Date: 19990723
Docket: 98-1914-GST-I
BETWEEN:
KELLY ROSANNE STRACHAN,
Appellant,
and
HER MAJESTY THE QUEEN,
Respondent.
Reasons for Judgment
Hamlyn, J.T.C.C.
[1] The Appellant, Ms. Strachan, appeals by way of the
informal procedure a Goods and Services Tax ("GST")
assessment dated July 10, 1997 involving the period
March 12, 1993 to March 31, 1997.
[2] On October 15, 1992, the Appellant entered into a
Contract of Purchase and Sale of a new strata-titled unit at
204-280 East 6th Street in the City of Vancouver for
$211,000. The contract stated that the Appellant was responsible
for paying GST up to $2,902.50. She paid this amount to the
vendor. The transaction was completed on April 28, 1993.
Effective March 12, 1993 the Appellant was assigned a GST
registration number and was required to file her GST returns on a
quarterly basis.
[3] The unit was acquired for mixed residential/commercial
purposes 30%/70%. No GST was paid on the 70% part of the property
that was to be used as capital property in commercial activities.

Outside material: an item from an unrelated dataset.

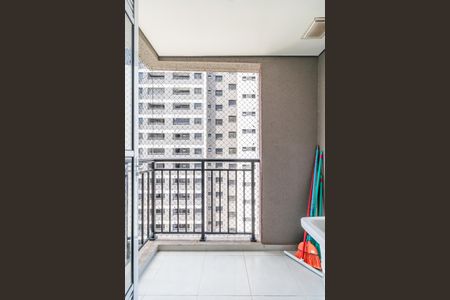 Apartamento à venda com 46m², 1 quarto e 1 vagaÁrea de Serviço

The Appellant intended to establish a business of manufacturing
and selling functional art.
[4] The Appellant filed "nil" GST returns during the
assessment period and declared no business income for the years
1993 through 1996. On July 10, 1997, the Appellant was
assessed by the Minister of National Revenue (the
"Minister") as owing GST on 70% of the purchase price,
net of a GST new housing rebate.
[5] Throughout the period of assessment the Appellant was
employed by the Canada Post Corporation as a part-time letter
carrier.
[6] The stated intention of the Appellant when the property
was acquired in partnership with another was to renovate the
premises, create a 70% artist work area where the manufacture of
functional art would be conducted and, as well, provide for art
exhibits.
[7] At inception, the Appellant did not have training in nor
the equipment to perform the manufacture of functional art.

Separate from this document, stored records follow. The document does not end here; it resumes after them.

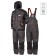 Demisason suit Norfin Pro Dry 3 R.S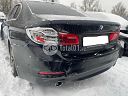Фото BMW 5 серия 58
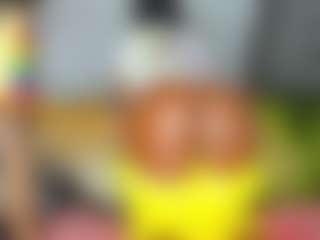Vicky-Hot's Live Sex Cam Show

Therefore, she undertook a period of welding training; she also
sought to acquire equipment.
[8] The original partnership dissolved in December 1993 and
eventually the Appellant completely bought her partner out in
February 1995.
[9] The Appellant formed a new partnership in January 1994
where the new partner (an artist) would mentor the Appellant in
the development of functional art skills and the Appellant in
return would give the new partner exhibit space for two periods
each year (part of May and November). No funds were exchanged
under this arrangement. The Appellant also showed her own art to
a limited degree during these exhibit periods with the
partner's art. To date, the Appellant has not sold any of her
manufactured functional art.
[10] The Appellant suffered serious accidents in 1994 and
1995. The extent of the injuries was such that for periods of
time she was unable to carry out her functional art
intentions.
[11] In September 1996 the Appellant, in another partnership,
developed with others a dog biscuit manufacturing process on the
Appellant's premises. Test marketing followed in January
1997. In 1998, (outside the assessment period) the total sales
were approximately $3,000, the only know costs were the material
costs of $1,000. No business calculations or projections were
made or presented to the Court with respect to fixed,
manufacturing, labour or marketing costs.
[12] Between 1993 and 1997, the Appellant's evidence was
there was no income or losses declared for any of the endeavours.
Further, no input tax credits ("ITC") were claimed and
no GST was submitted with respect to the endeavours.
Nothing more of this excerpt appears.